BEGIN DATA FOR THIS EXERCISE
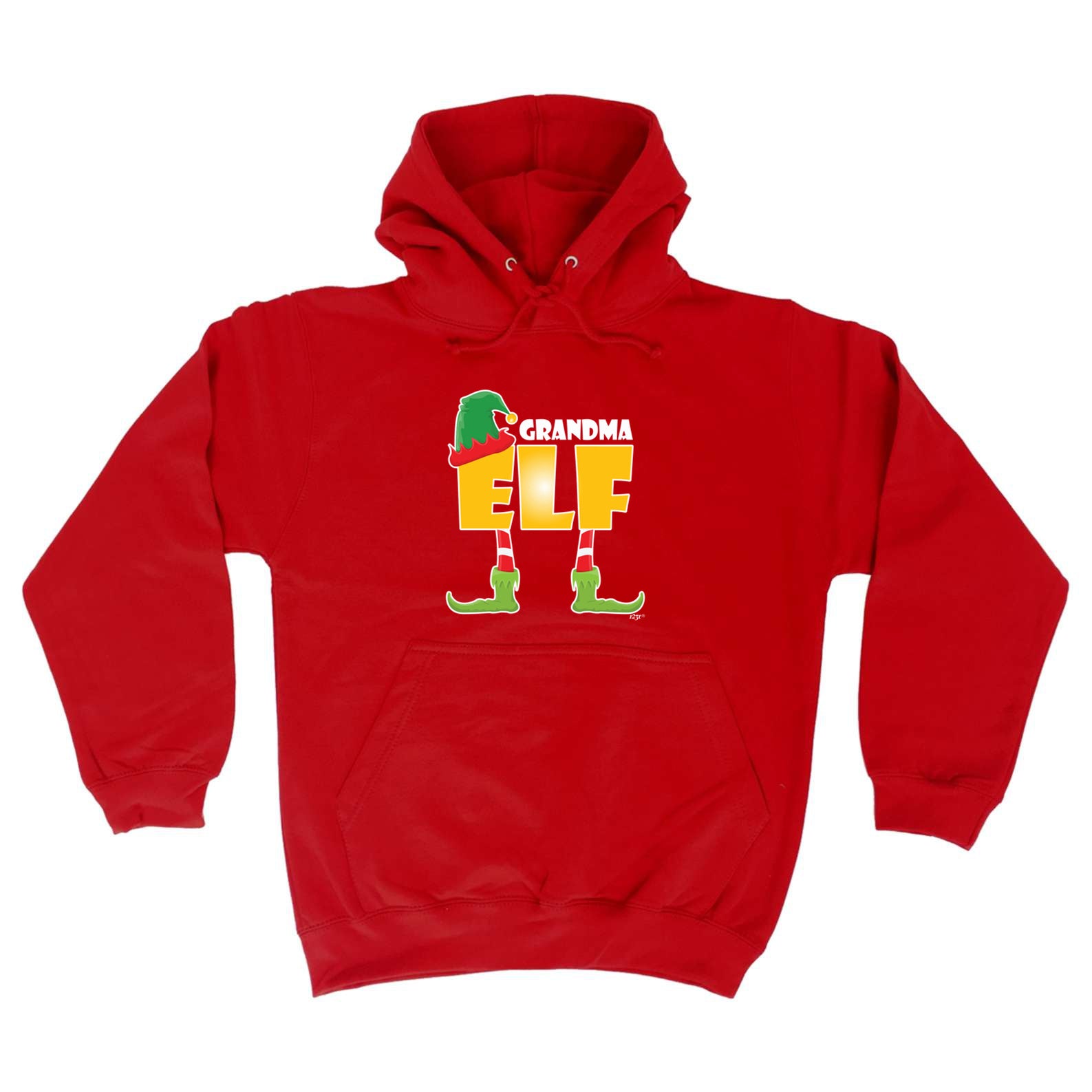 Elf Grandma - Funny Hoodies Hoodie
END DATA FOR THIS EXERCISE
BEGIN DATA FOR THIS EXERCISE
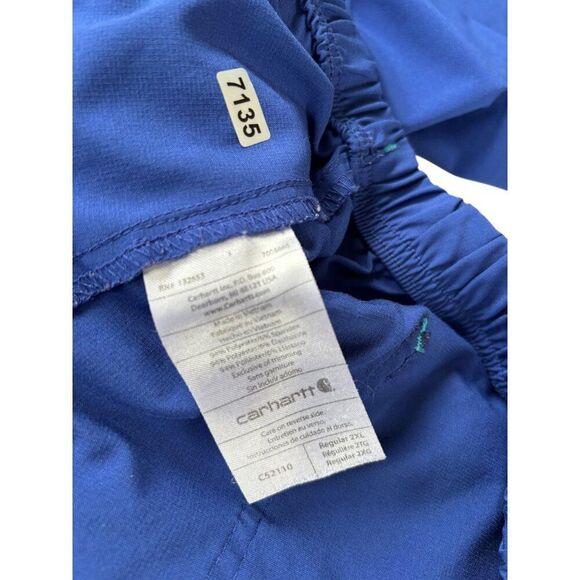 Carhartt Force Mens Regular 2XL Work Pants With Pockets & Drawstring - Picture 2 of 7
END DATA FOR THIS EXERCISE
BEGIN DATA FOR THIS EXERCISE
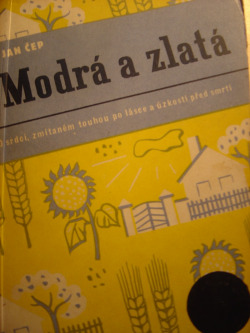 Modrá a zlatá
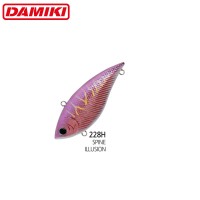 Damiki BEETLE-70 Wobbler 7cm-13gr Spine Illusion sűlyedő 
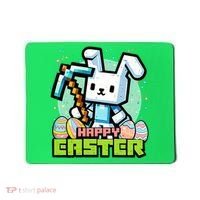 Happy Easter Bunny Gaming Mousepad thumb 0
END DATA FOR THIS EXERCISE
TASK DETAILS:
An exact copy of the lines above from the one with "Modrá a zlatá" up to and including the one with "Happy Easter Bunny Gaming Mousepad thumb 0" is required; reproduce only those lines, omitting all pictures.

EXERCISE OUTPUT:
 Modrá a zlatá
 Damiki BEETLE-70 Wobbler 7cm-13gr Spine Illusion sűlyedő 
 Happy Easter Bunny Gaming Mousepad thumb 0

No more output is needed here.